Workers will fight austerity


Rob Williams, NSSN national chair, replied to an article “The British have no fight in them any more” by Nick Cohen in the 9 December Observer.

Nick Cohen would have us believe that working people’s resistance is next to non-existent in the face of the Con-Dem austerity offensive. Nick wasn’t the first with this pessimistic view.

In November 2010, on the eve of Osborne’s first Autumn Statement, setting out an initial cuts target of £81 billion, Jeremy Paxman asked then TUC leader Brendan Barber: “Why aren’t British workers like those in Europe?” Paxman contrasted the TUC’s modest 3,000-strong rally that day with the mass protests and strikes raging across Europe.

However, between that Autumn Statement and now, we’ve seen the greatest mobilisation of working class and middle class people for decades.

On 26 March 2011, well over half a million marched on arguably the largest union-led demonstration in this country’s history.

On 30 November last year we saw possibly the biggest single day of strike action since the 1926 general strike as public sector workers took action to defend their pensions.

That day could and should have been the beginning of the type of concerted and coordinated industrial action that could have forced the government to retreat on pensions as they’ve u-turned over 40 times – from culling badgers to the pasty tax.

But because the cuts have been unrelenting, millions of workers still see the need for the unions to strike together to stop the austerity programme destroying our lives.

On 11 December, the National Shop Stewards Network (NSSN) is lobbying the TUC general council to call on the union leaders to name the date for a national strike of workers across the public and private sectors – effectively a 24-hour general strike.
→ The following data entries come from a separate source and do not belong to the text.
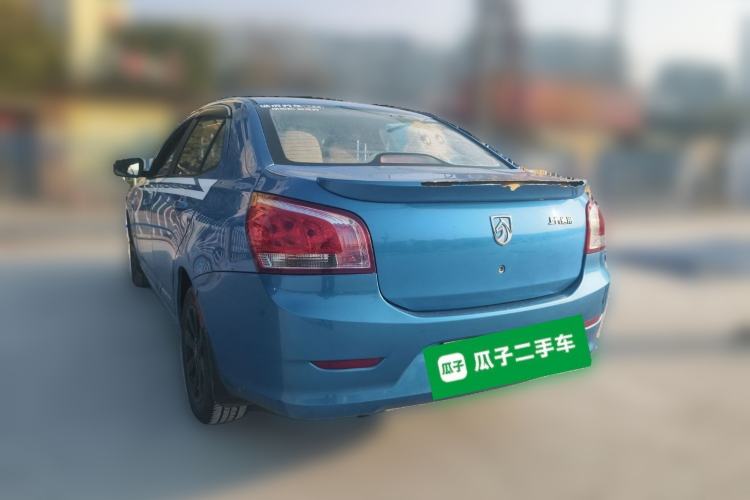 Used Baojun 630 2013 1.5L manual Entry-level trim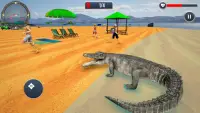 Wild Crocodile Hunt Simulator Screen Shot 1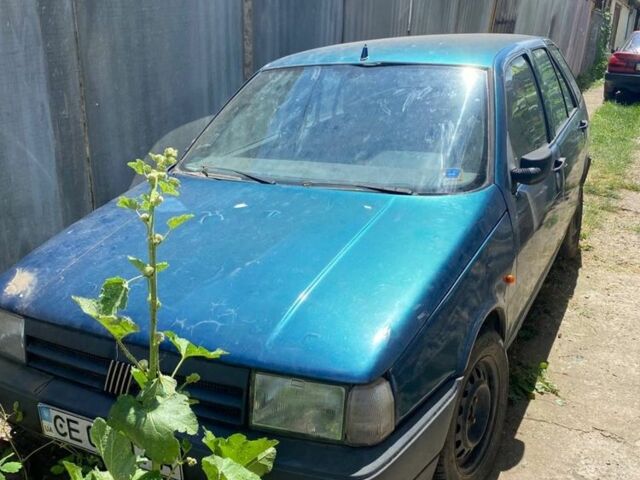 Синий Фиат Типо, объемом двигателя 1.4 л и пробегом 288 тыс. км за 400 $, фото 1 на Automoto.ua
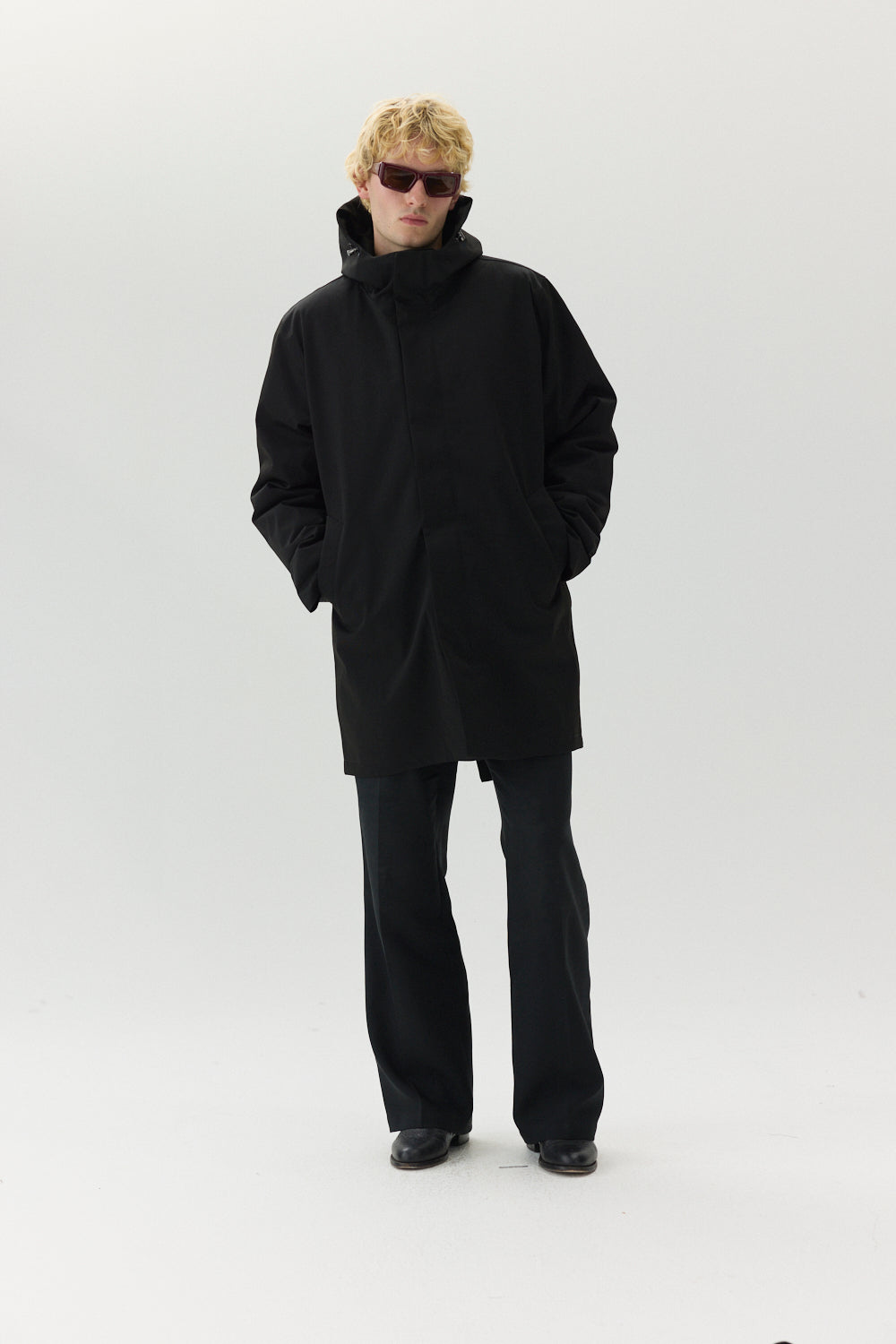 TERROR WEATHER PARKA NIN SP LINER AW24 BLACK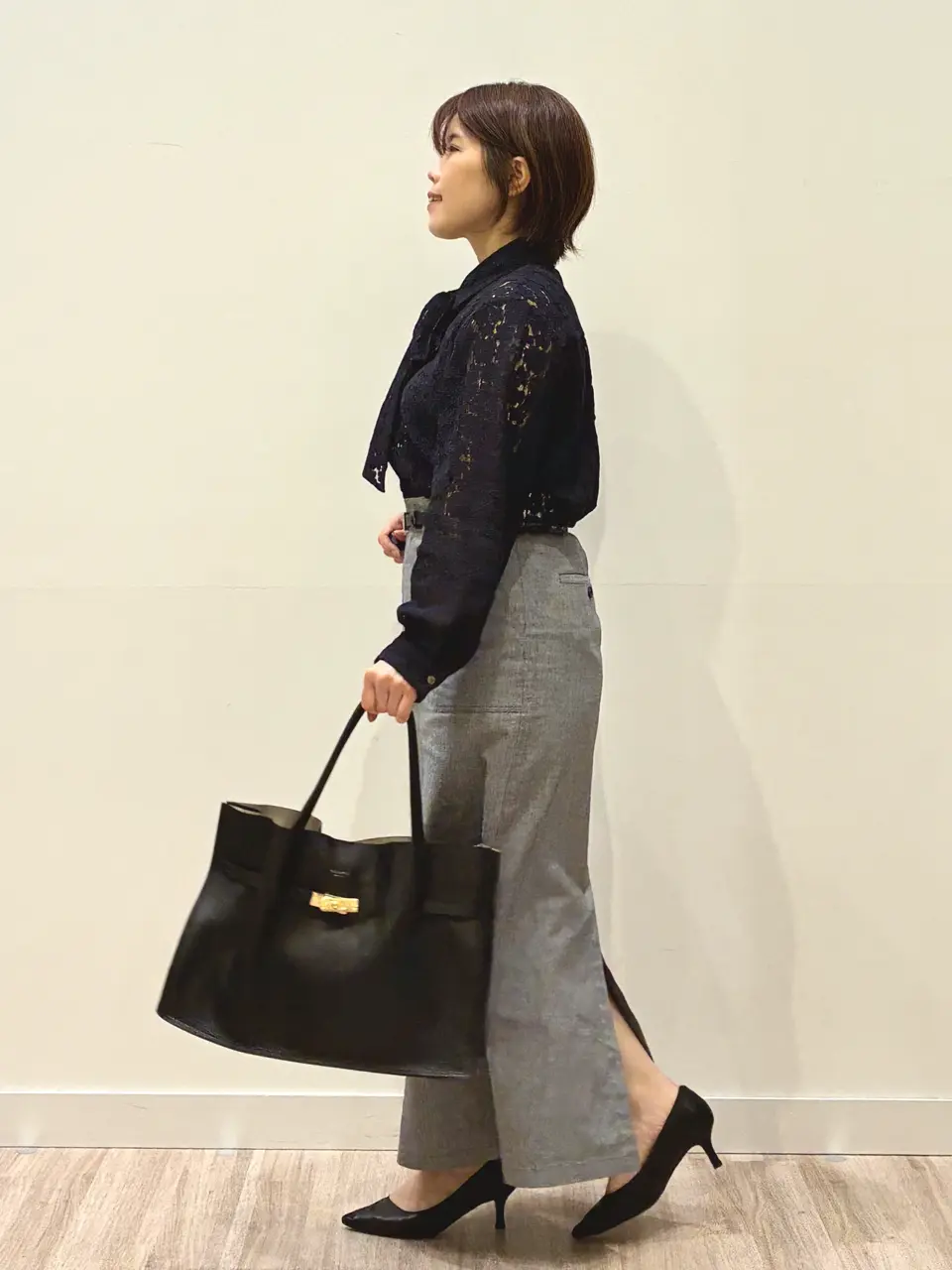 ONWARD CROSSET SELECT 前田 コーディネート画像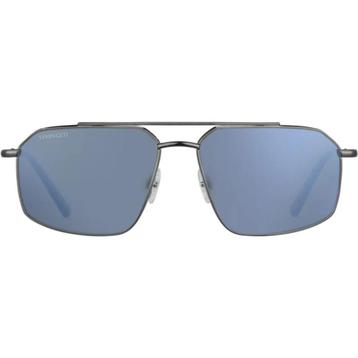 Serengeti Wayne SS546002 Shiny Dark Gunmetal Zonnebril beschikbaar voor biedingen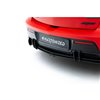 Maxton - Street Pro Central Diffuseur Arriere Mazda 3 MPS Mk1 EU Version Noir-Rouge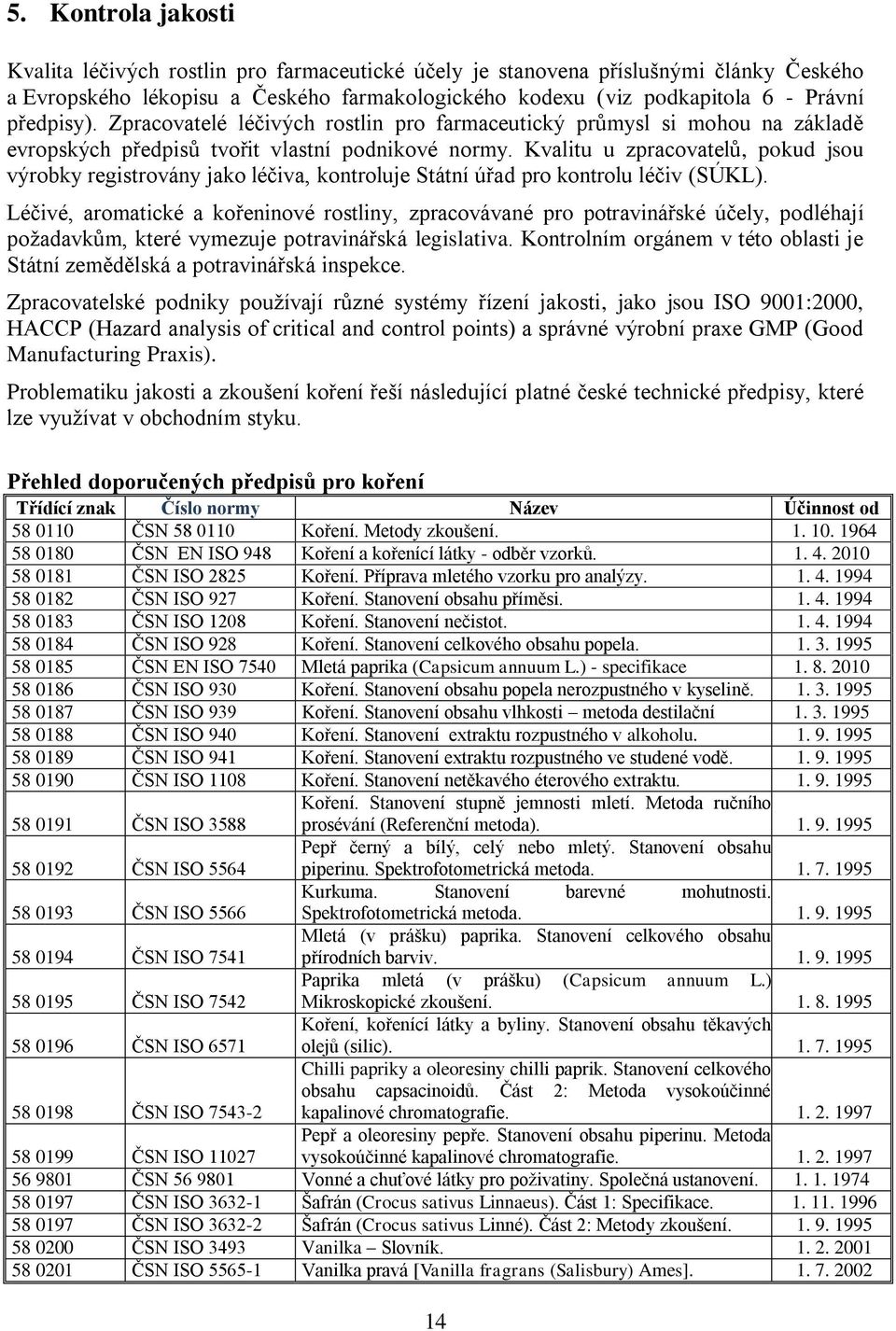 Kvalitu u zpracovatelů, pokud jsou výrobky registrovány jako léčiva, kontroluje Státní úřad pro kontrolu léčiv (SÚKL).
The NSSN believes that such joint action would be hugely popular and well supported.

Strikes, that are almost a daily occurrence but rarely reported by the media, from the victorious construction electricians early this year to the Tesco delivery drivers who are currently on all-out strike in Doncaster, show that willingness to fight is absolutely present among workers in this country.

The PCS union has announced a strike ballot early next year; we call on other unions to join them to build a 24-hour general strike.